## INFORMATION PROVIDED
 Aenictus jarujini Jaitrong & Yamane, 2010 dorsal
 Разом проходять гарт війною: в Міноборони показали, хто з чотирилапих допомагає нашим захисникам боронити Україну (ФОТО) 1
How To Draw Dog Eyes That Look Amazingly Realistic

...

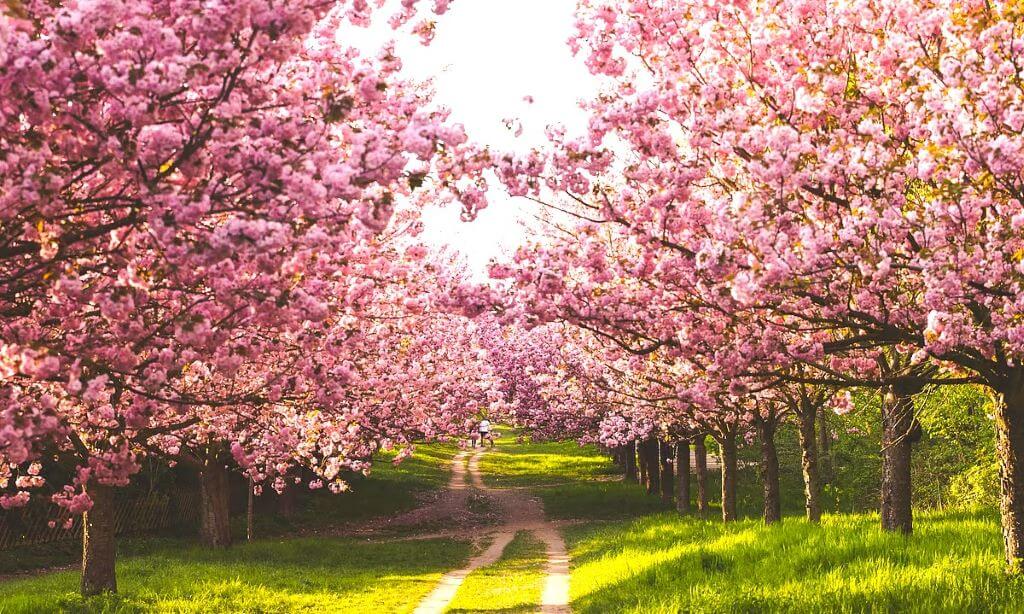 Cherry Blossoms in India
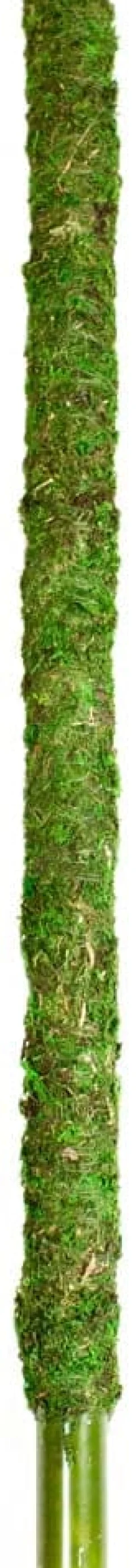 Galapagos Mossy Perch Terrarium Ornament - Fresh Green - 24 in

## BRIEF
Copy exactly the stretch of data above from the line with "Aenictus jarujini Jaitrong" through the line with "How To Draw", and omit all other lines.

## RESPONSE BELOW
 Aenictus jarujini Jaitrong & Yamane, 2010 dorsal
 Разом проходять гарт війною: в Міноборони показали, хто з чотирилапих допомагає нашим захисникам боронити Україну (ФОТО) 1
How To Draw Dog Eyes That Look Amazingly Realistic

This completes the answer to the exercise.